With an annual $2 million budget to work with, what specifically do you plan on doing over the next five years? What’s already been started?
Mark: We’re working on a pilot site, but we’re not announcing what that site is. Over the next five years, we’re working on three pilot sites to advance the science of valuing ecosystem services.
Michelle: One of the things we’ll start looking at is the impact of and dependency on ecosystem services for Dow Chemical. Where is Dow depending on water and how is that impacting water in the area? Later, we’ll identify specific opportunities for Dow in order to understand how business decisions affect processes and how the new knowledge of ecosystem services may help the company make better decisions.
So what’s the next step once you determine how ecosystem services affect the business?
Mark: The next step could be in a variety of directions. It could be using the analysis to justify expenditures for efficiency improvement, which wouldn’t be justified if you didn’t have a value for ecosystem services. If you assume water has a price of zero, you might not be efficient in its use. But if you knew it had a cost, you would value it.
Do you anticipate being able to put an actual number value on an ecosystem service?
Mark: Yes, that’s the intention. I know the costs I need to pay for the raw materials to make my product and the costs I need to lay out for capital improvements. I know the prices I have to charge for my products, and I know the costs and benefits of employing workers. But we take the ecosystem services for granted, and the cost of that is not reflected or is zero.
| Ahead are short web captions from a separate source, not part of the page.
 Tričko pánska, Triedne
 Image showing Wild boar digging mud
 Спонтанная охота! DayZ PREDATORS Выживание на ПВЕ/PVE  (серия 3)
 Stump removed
And that zero is not going to be true in the future. In the chemical industry, if we open a production facility we expect it to be around for decades, and I can’t value it properly if I don’t assign a price for ecosystem services that I impact and depend upon.
Will ecosystem services play a specific role as Dow looks to expand overseas, where environmental regulation is less stringent? Are you just looking at the United States?
Mark: We’re planning to apply the learning globally from this collaboration. Our pilot sites will be distributed globally.
If your study finds that it is in business’s interest to preserve ecosystems, then what? How can that message be communicated effectively to other businesses?
Michelle: Central to the success of the collaboration is that we share our learning. We’re committed to making the lessons learned public, and then we’re also planning on publishing peer-reviewed results. We do intend to convene business leaders to discuss and analyze our results and look at what we’re missing. Maybe there are ways to tweak the framework and make it applicable to other companies. We do think the work will present tangible outcomes.